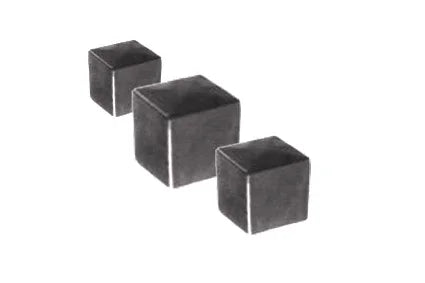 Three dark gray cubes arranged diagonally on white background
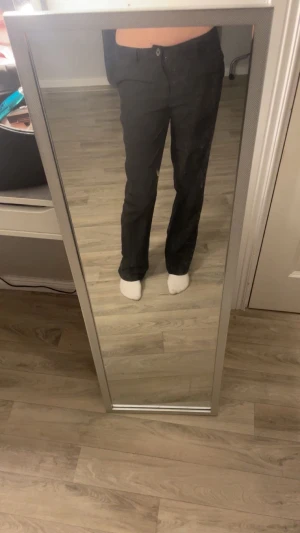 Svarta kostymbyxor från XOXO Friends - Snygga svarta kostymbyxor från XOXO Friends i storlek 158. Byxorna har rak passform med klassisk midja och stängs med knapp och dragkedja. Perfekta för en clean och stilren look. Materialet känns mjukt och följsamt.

---

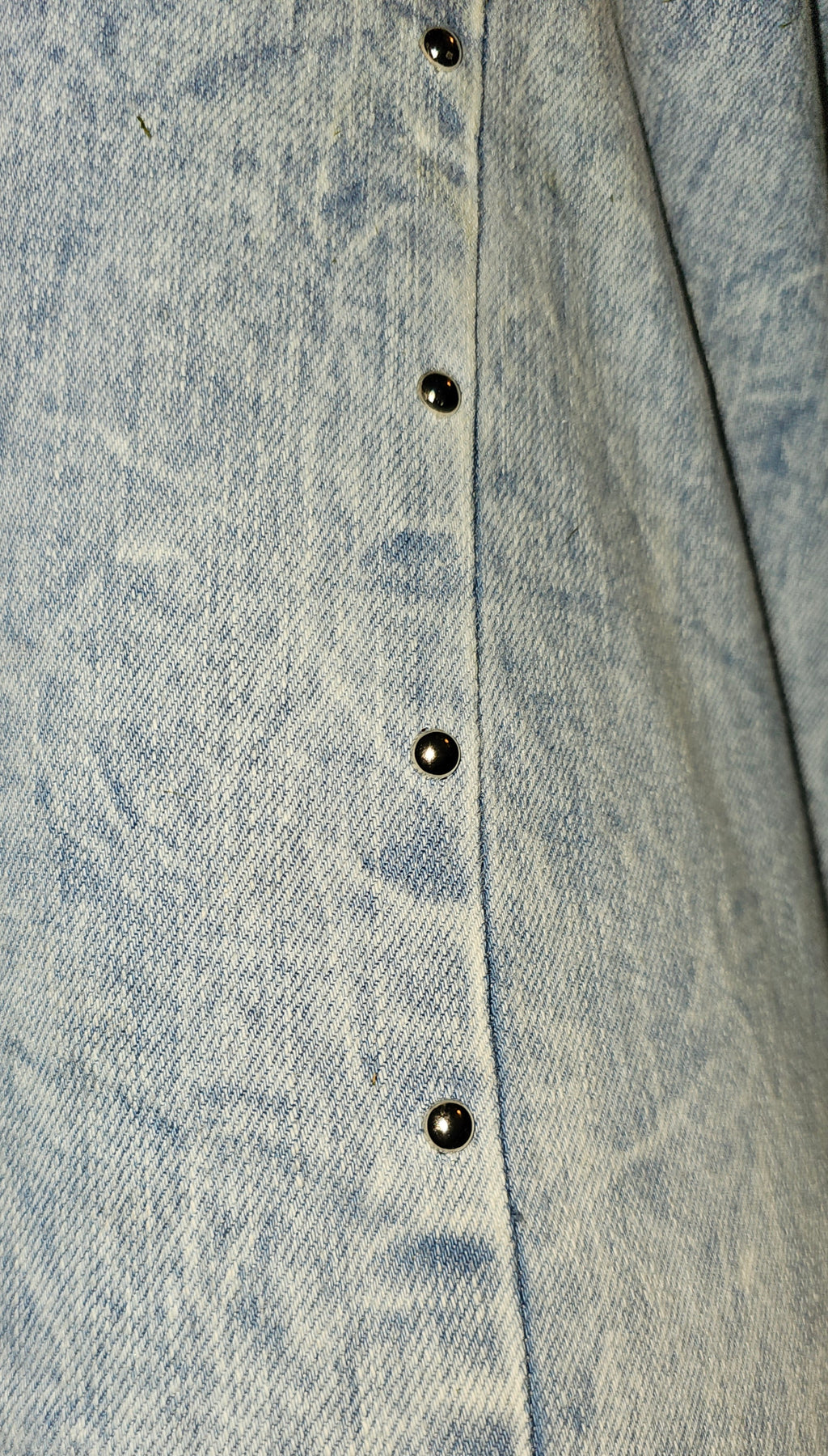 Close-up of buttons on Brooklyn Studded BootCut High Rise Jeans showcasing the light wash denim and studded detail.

* * *

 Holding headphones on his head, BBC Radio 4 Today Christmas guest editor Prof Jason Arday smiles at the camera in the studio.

> **EXERCISE DESCRIPTION**
I would like the exact lines from the data above, starting with the one that holds "Three dark gray" and going on through the one that holds "Svarta kostymbyxor från XOXO Friends - Snygga", without the pictures.

> **FINAL ANSWER**
 Three dark gray cubes arranged diagonally on white background
 Svarta kostymbyxor från XOXO Friends - Snygga svarta kostymbyxor från XOXO Friends i storlek 158. Byxorna har rak passform med klassisk midja och stängs med knapp och dragkedja. Perfekta för en clean och stilren look. Materialet känns mjukt och följsamt.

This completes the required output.